A few months later, in April of 1964, the Cambridge Circus crew were given their own weekly sketch show and continued the newsreader theme with the title I’m Sorry, I’ll Read That Again. Now original sketches were being produced with the same anarchic feeling as Beyond the Fringe, but beginning to push the goalposts further. Rather than recap a bunch of scenes, here is a best-of reel comprised of clips from the first series of episodes.

You might think that the first major radio show that Cleese wrote and starred in might take up a large portion of his memoirs, especially when one considers that the volume is focused solely on his pre-Python years. Strangely, however, the show initially receives only a couple of passing mentions. That is, until about two-thirds of the way through the book when he explains why he disliked the show.

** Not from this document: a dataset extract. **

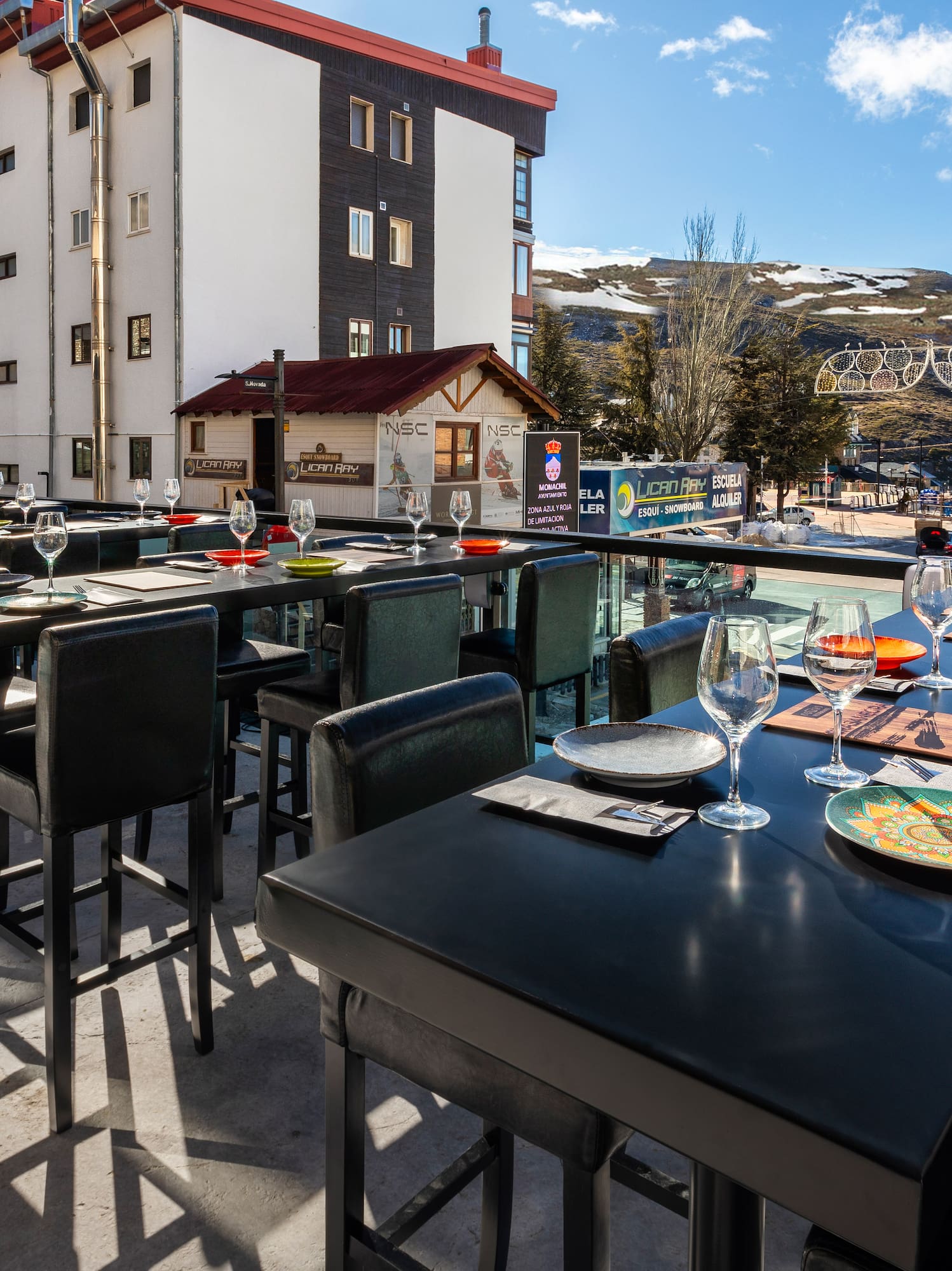 a table set up for a restaurant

Cleese has very high standards for comedy, which makes sense, since his work is among the best. As a result, when he’s working with a group, be it the Cambridge Circus crew or the Pythons, he had no problem pushing people to work harder or avoid clammy material which, as he admits in his book, could make him seem “snotty and condescending and puritanical.” Cleese’s theory is that the audience is to blame for the substandard material in I’m Sorry, I’ll Read That Again. “When we Cambridge Circus people did our first few radio shows, they were based on the stage-show script which was of quite a high standard, and the audiences were suitably responsive. By the time I returned from America they had become a football crowd. With their wild applause, thunderous laughter, cheering of catchphrases, groaning at puns, friendly booing and general OTT enthusiasm they had become part of the show— or rather, they had pretty much taken the show over and made it a mini-phenomenon in the radio world.” After appearing on 41 episodes of ISIRTA, John Cleese left the show, just as he would before the final series of Monty Python’s Flying Circus a few years later.

But Cleese’s exit did not mark the end of the show. I’m Sorry, I’ll Read That Again would last until 1973. The show would also spin-off an unscripted panel show in 1972 called I’m Sorry I Haven’t a Clue, which has run continuously until the present and has been named the second funniest radio show of all time, right behind The Goon Show. Tim-Brooke Taylor and Cleese would reunite along with future Python Graham Chapman and Marty Feldman for At Last the 1948 Show.

All 9 series of ISIRTA can be found on the wonderful Archive.org site right here, should you be interested. It may not always be perfect, as John Cleese will tell you, but it’s still a wonderful look into the building blocks of British sketch comedy.